Yeats treasures to go on display in National Library

PRICELESS family treasures belonging to William Butler Yeats were handed over to the National Library of Ireland yesterday for its first major exhibitionon the Nobel prize-winning poet.

Yeats treasures to go on display in National Library

The hoard includes poems, portraits and a precious Japanese sword given to Yeats during a lecture tour of the US in 1920.

The material will be given to the library on loan by Yeats’s son Michael for the forthcoming exhibition, Yeats: the life and works of William Butler Yeats, due to open later this year.

“This will be the first major exhibition developed by the National Library on the great poet and we are indebted to the Yeats family for their support,” said National Library director Aongus Ó hAonghusa.

“It will draw on a wide range of Yeatsian scholarship and will attempt to engage with all the major aspects of Yeats’s life and works to give a comprehensive view of him.”
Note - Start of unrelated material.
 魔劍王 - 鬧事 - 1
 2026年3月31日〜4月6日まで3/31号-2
The family material will feature an illuminated copy of the Lake Isle of Innisfree, printed by Yeats’s sister Elizabeth, and portraits of Yeats’s wife George by artists Edmund Dulac and John Butler Yeats.

The Japanese sword being donated was described in Yeats’s poem Meditations in Time of Civil War.
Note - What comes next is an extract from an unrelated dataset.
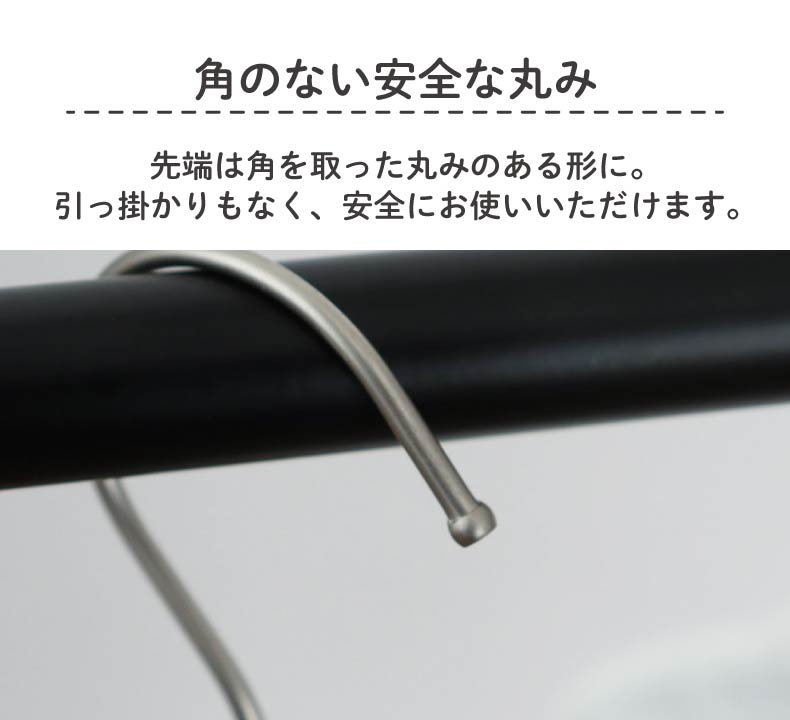 スカーフハンガー 10本セット PVCの機能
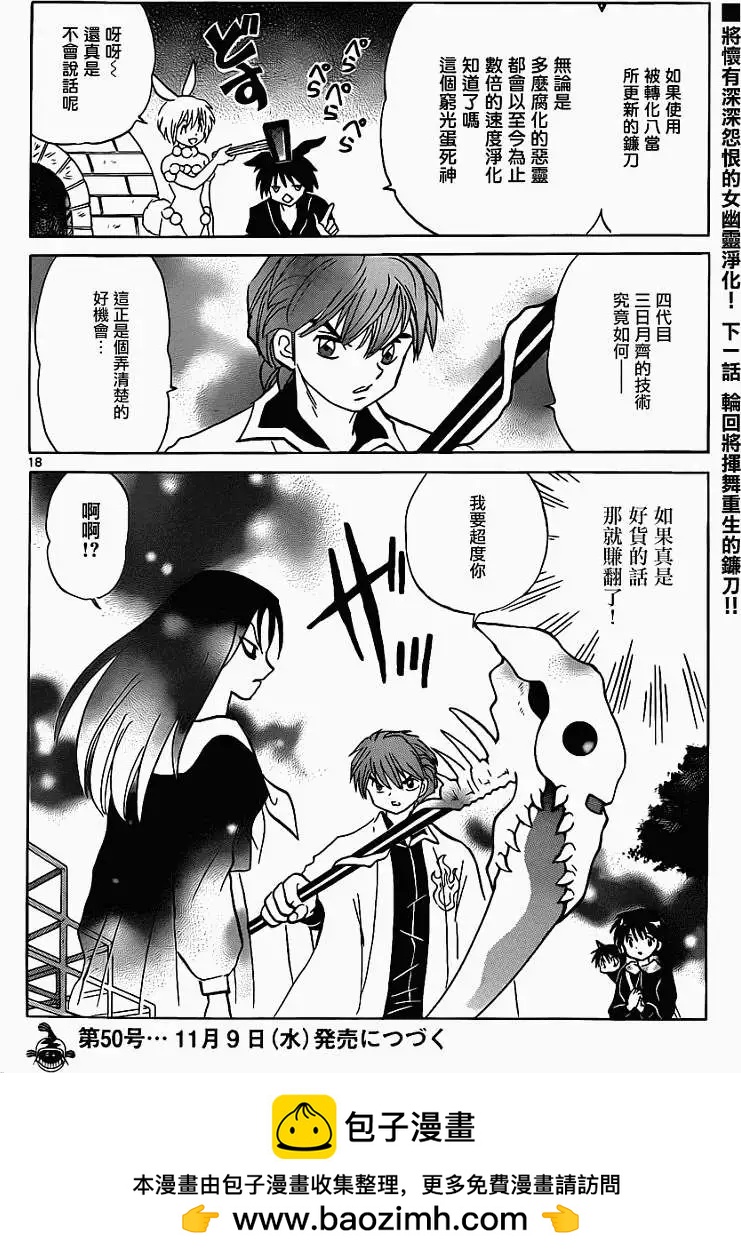 第 18 页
The artifacts will augment the library’s permanent collection of Yeats manuscripts and books donated by the family over many years, including manuscripts or early printed versions of most of Yeats’s best-known poems.

The material being assembled for the exhibition will also include previously unseen pictures of Yeats and Maud Gonne on loan from Anna White, grand- daughter of Maud Gonne.